Kubernetes CPU Limits: What’s the Right Way to Assign CPU Resources?

What Is the Kubernetes CPU Limit Used For?

Kubernetes CPU limits define the maximum CPU resources a pod is allowed to use on the host machine. When you create a template for a pod, you can optionally specify how many resources each container is allowed to use on a Kubernetes node. The most common resources are CPU and memory (RAM), but you can also specify others.

You can specify a resource request which indicates the minimal resources needed for containers in a pod—the kube-scheduler uses this information to decide which node to schedule the pod on and reserves at least the requested amount of the resource specifically for that container to use. When you specify a resource limit for a container, the kubelet enforces this limit, making sure that the running container does not use more than the resources specified.

However, setting CPU limits in Kubernetes is not always a good idea.
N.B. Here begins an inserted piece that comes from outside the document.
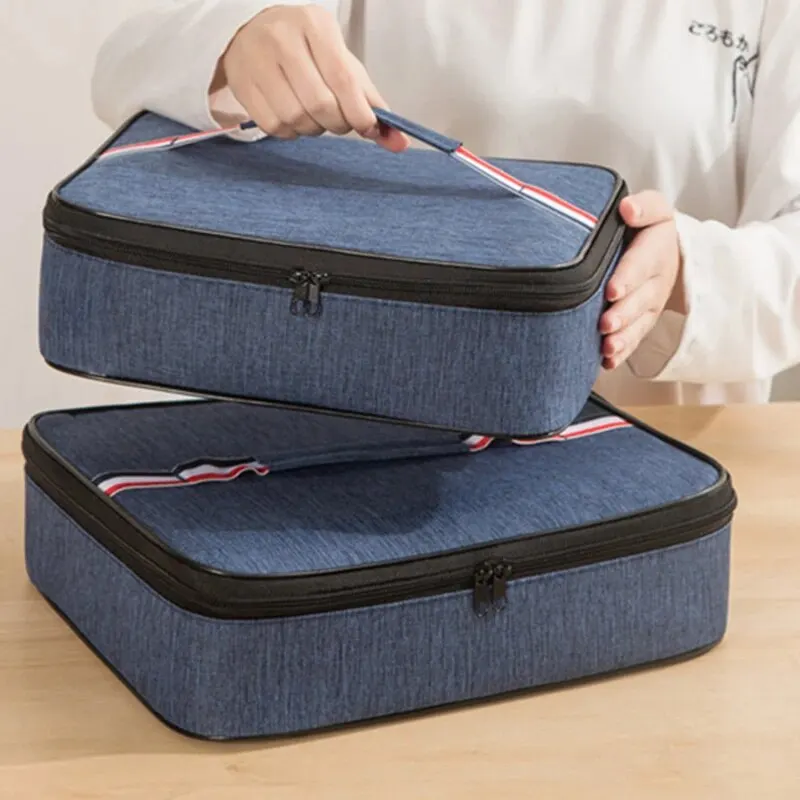 Portable Insulated Lunch Box Bag Large Capacity Food Box Tote Bag Picnic Cooler Thermal Bento Bag For Students Workers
It can lead to inefficiencies such as underutilized resources, as containers may be restricted even when additional CPU capacity is available on the node. This can result in throttling, where applications are slowed down unnecessarily, impacting performance. Limits also add complexity to resource management, requiring continuous tuning to avoid performance issues or resource contention. 
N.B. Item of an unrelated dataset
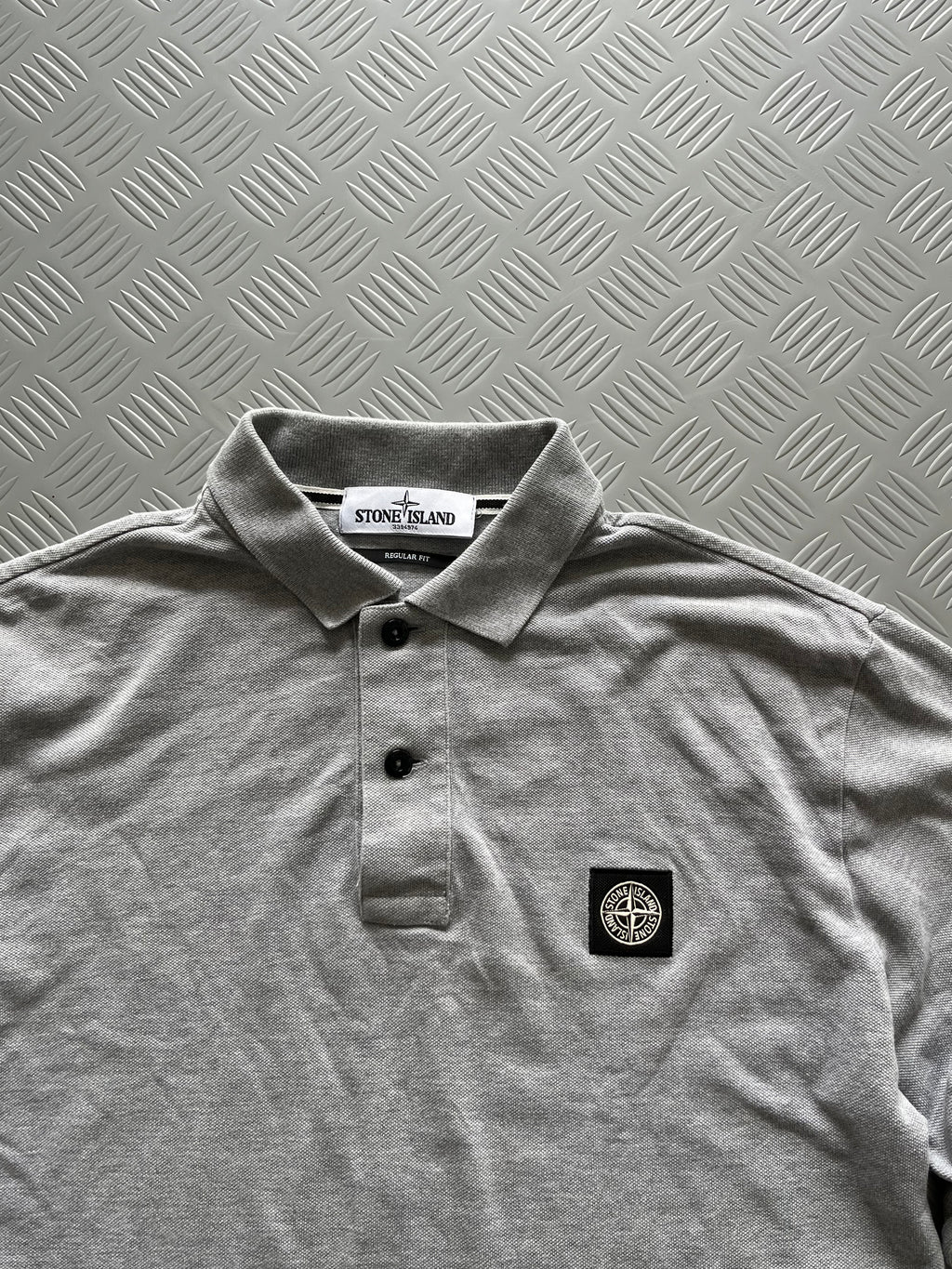 STONE ISLAND FULL SLEEVES POLO TSHIRT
As an alternative, consider setting CPU requests to guarantee minimum resources for workloads, while avoiding strict limits unless absolutely necessary, thereby balancing resource utilization and performance.This is part of a series of articles about Kubernetes Management.

How CPU Requests and Limits Work

Each node in a Kubernetes cluster is allocated memory (RAM) and compute power (CPU) that can be used to run containers. A Kubernetes cluster defines a logical grouping of one or more containers into pods. You can then deploy and manage pods on top of your nodes.
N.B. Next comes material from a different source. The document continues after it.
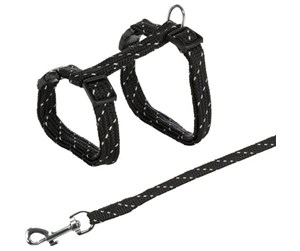 Katt - Trixie Harness with Lead Reflecting assorted colours - TX4183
When you create a pod, you typically specify the storage and networking that containers share within that pod. The Kubernetes scheduler finds a node that has the required resources to run the pod.

You can provide more information for the scheduler using two parameters that specify RAM and CPU utilization:

  • Request—sets the minimum amount of RAM or CPU required for the container. Kubernetes aggregates all container requests into a single pod request. The scheduler uses this pod request to ensure that pods are deployed to nodes with sufficient resources.
  • Limit—you can set a maximum amount of allows RAM or CPU utilization by specifying a limit on the container. Kubernetes translates and enforces restrictions by interacting with container engines, such as Docker or containerd. When a container exceeds its memory limit, the kubelet typically kills and restarts it. CPU limits are more lenient and can be exceeded for long periods of time.

What Is CPU Throttling?

CPU throttling occurs when a container exceeds its specified CPU limit, and Kubernetes restricts the container’s CPU access to prevent it from using more than the allocated resources. This mechanism uses cgroups, which enforce CPU usage boundaries by controlling how much CPU time a container can consume.

Instead of abruptly stopping a container, throttling slows down its execution by limiting the number of CPU cycles it receives. For instance, if a container’s limit is set to 500 millicores (0.5 CPUs), it can only use half of a CPU’s time. If the container tries to use more than this allocation, the Linux kernel will delay its tasks, causing a slowdown in processing speed.

Kubernetes CPU Limits vs. Kubernetes CPU Requests

CPU requests define the minimum amount of CPU resources a container needs to run. Kubernetes uses this information during scheduling to ensure that a pod is placed on a node with sufficient available CPU resources. Once scheduled, the CPU requested by the pod is reserved for it, guaranteeing that the container will always have at least this much CPU available. This prevents resource starvation for critical workloads and ensures predictable performance.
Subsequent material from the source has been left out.